また、上述した実施の形態では、第1〜第3の無機物膜として、SiXY、SiXY、及びSiXYZを例示したが、当該無機物膜として、SiC、SiXYZ、SiXYZも含まれる。
また、本発明は、実施の形態で説明した有機EL素子を有する有機EL装置だけでなく、有機半導体及び有機太陽電池にも適用される。

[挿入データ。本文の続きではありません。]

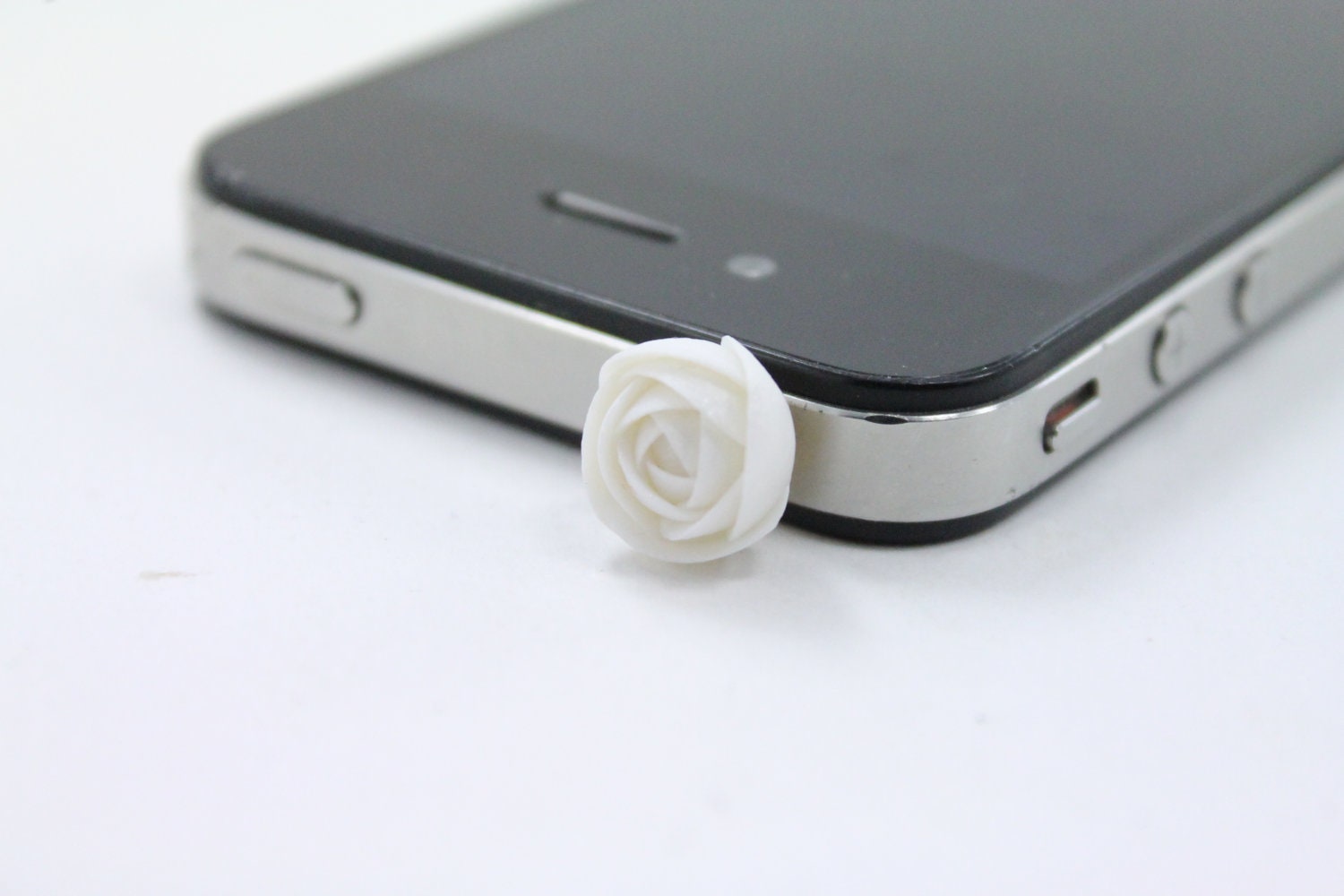 Iphone Plug - Phone Charm, Floral Earphone Plug - Cellphone Handmade Accessories iPhone 5 4 4s ,iPad ,Samsung galaxy s2 s3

有機半導体の場合には、実施の形態で説明した有機発光層17を有機半導体層とし、当該層の上に無機物からなる封止層を形成する際に、本発明の有機機能デバイスの製造方法を適用する。
また、有機太陽電池の場合には、実施の形態で説明した有機発光層17を有機光電気変換層とし、当該層の上に無機物からなる封止層を形成する際に、本発明の有機機能デバイスの製造方法を適用する。

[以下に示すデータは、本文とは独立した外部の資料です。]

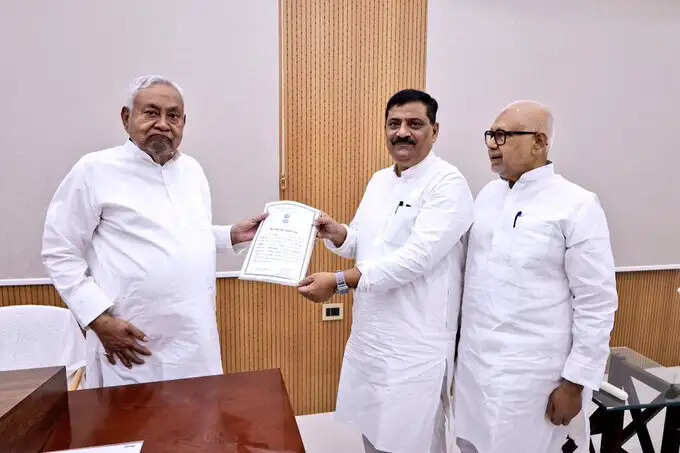 संजय झा ने नीतीश कुमार को राज्यसभा के लिए निर्वाचित होने का सौंपा प्रमाण पत्र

つまり、有機半導体及び有機太陽電池においては、図6に記載された本発明の実施の形態に係る有機機能デバイスの製造方法の工程断面図において、図6(a)及び図6(d)は、各デバイスの構成及び機能に応じて異なるが、本発明の主要部である図6(b)及び図6(c)は共通である。
また、例えば、本発明に係る有機機能デバイスの製造方法は、図7に記載されたような薄型フラットTVに内蔵される。本発明に係る有機機能デバイスの製造方法により、信頼性、寿命に優れた有機ELディスプレイを備えた薄型フラットTVが実現される。

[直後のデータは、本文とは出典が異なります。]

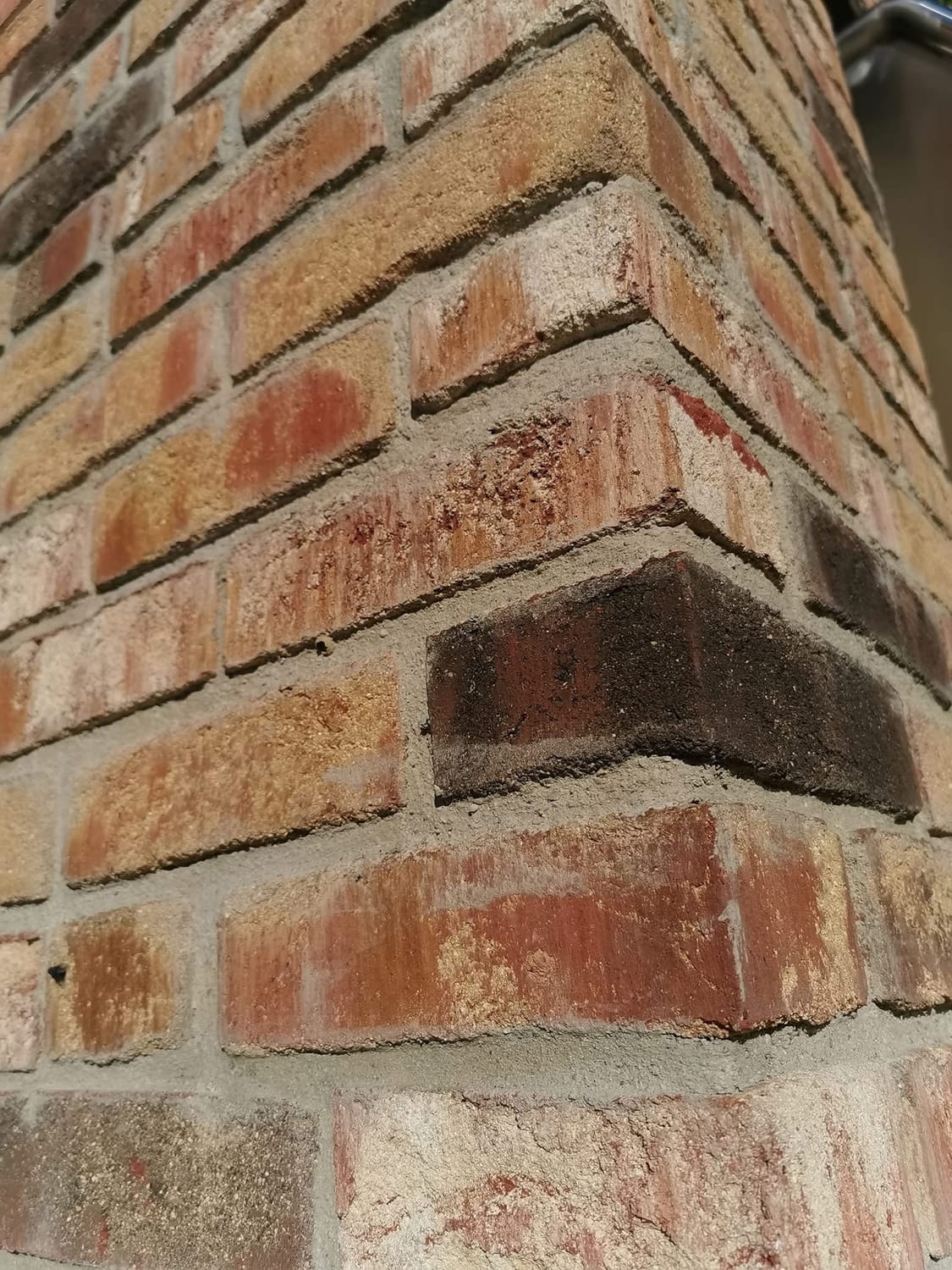     Mur en fausses briques réalisé en béton décoratif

本発明は、特に有機EL装置を内蔵する有機ELフラットパネルディスプレイ及び有機光電気変換装置を内蔵する有機太陽電池の製造方法に有用であり、高品質及び長寿命が要求される有機機能デバイスの製造方法として用いるのに最適である。
1、100 有機EL装置
11 TFT基板
12 平坦化層
13、101 反射陽極
14 下部透明電極
15 正孔注入層
16 バンク
17、17B、17G、17R、102 有機発光層
18、103 電子輸送層
19、104 透明陰極
20 封止層
20A 第1の無機物膜
20B 第2の無機物膜
20C 第3の無機物膜
21 樹脂層
22、107 CF基板
22B、22G、22R カラーフィルタ
23、121 ピンホール
24、122 異物
25、123、124 封止欠陥
105、108 無機物封止膜
106 樹脂封止膜

Claims (12)

  1. 基板上に有機機能層を含む下地層を準備する第1工程と、
    前記下地層の上面に所定の薄膜形成法を用いて平坦膜を形成する第2工程と、
    前記平坦膜をスパッタリングする第3工程とを含み、
    前記平坦膜の表面は、平面領域、段差凸部を有する非平面領域、及び前記非平面領域に近接する近接領域を有し、
    前記第3工程では、前記平面領域のスパッタレートA1、前記非平面領域のスパッタレートA2との関係がA1<A2であることを利用して、前記スパッタリングによりエッチングされた前記非平面領域の部材を前記近接領域に堆積させる
    有機機能デバイスの製造方法。
  2. 前記第3工程では、
    前記平面領域のスパッタレートをA1、前記非平面領域のスパッタレートをA2、及び前記近接領域のスパッタレートをA3とした場合、
    A1からA3の関係が、A3<A1<A2であることを利用して、前記エッチングされた前記非平面領域の部材を前記近接領域に堆積させる
    請求項1に記載の有機機能デバイスの製造方法。
  3. 前記第3工程では、
    前記平面領域のスパッタレートA1がほぼ零となるようなスパッタリング条件でエッチングされた前記非平面領域の部材を、前記近接領域に選択的に堆積させる
    請求項1に記載の有機機能デバイスの製造方法。
  4. 前記近接領域は、
    前記平面領域と前記非平面領域との間にあって前記平坦膜の欠陥部を有する領域、または、前記非平面領域で囲まれ前記平坦膜の欠落した領域である
    請求項1〜3のうちいずれか1項に記載の有機機能デバイスの製造方法。
  5. 前記下地層は、有機機能層である
    請求項1〜4のうちいずれか1項に記載の有機機能デバイスの製造方法。
  6. 前記下地層の上面は、前記有機機能層の上方に形成された電極層である
    請求項1〜4のうちいずれか1項に記載の有機機能デバイスの製造方法。
  7. 前記有機機能層と前記電極層との間に中間層が介在する
    請求項5に記載の有機機能デバイスの製造方法。
  8. 前記有機機能層は、一対の電極の間に介在する有機EL発光層である
    請求項1〜4のうちいずれか1項に記載の有機機能デバイスの製造方法。
  9. 前記所定の薄膜形成法は、スパッタリング又はCVD(Chemical Vapor Deposition)法である
    請求項1〜4のうちいずれか1項に記載の有機機能デバイスの製造方法。
  10. 前記第3工程は、前記スパッタリングにより前記平坦膜の非平面領域の局部をエッチングする
    請求項1〜4のうちいずれか1項に記載の有機機能デバイスの製造方法。
  11. 前記第3工程にて用いられるスパッタリングは、不活性ガスのプラズマ、あるいは、イオンを用いたスパッタリングである
    請求項1〜4のうちいずれか1項に記載の有機機能デバイスの製造方法。
  12. 前記平坦膜は、無機物層である
    請求項1〜4のうちいずれか1項に記載の有機機能デバイスの製造方法。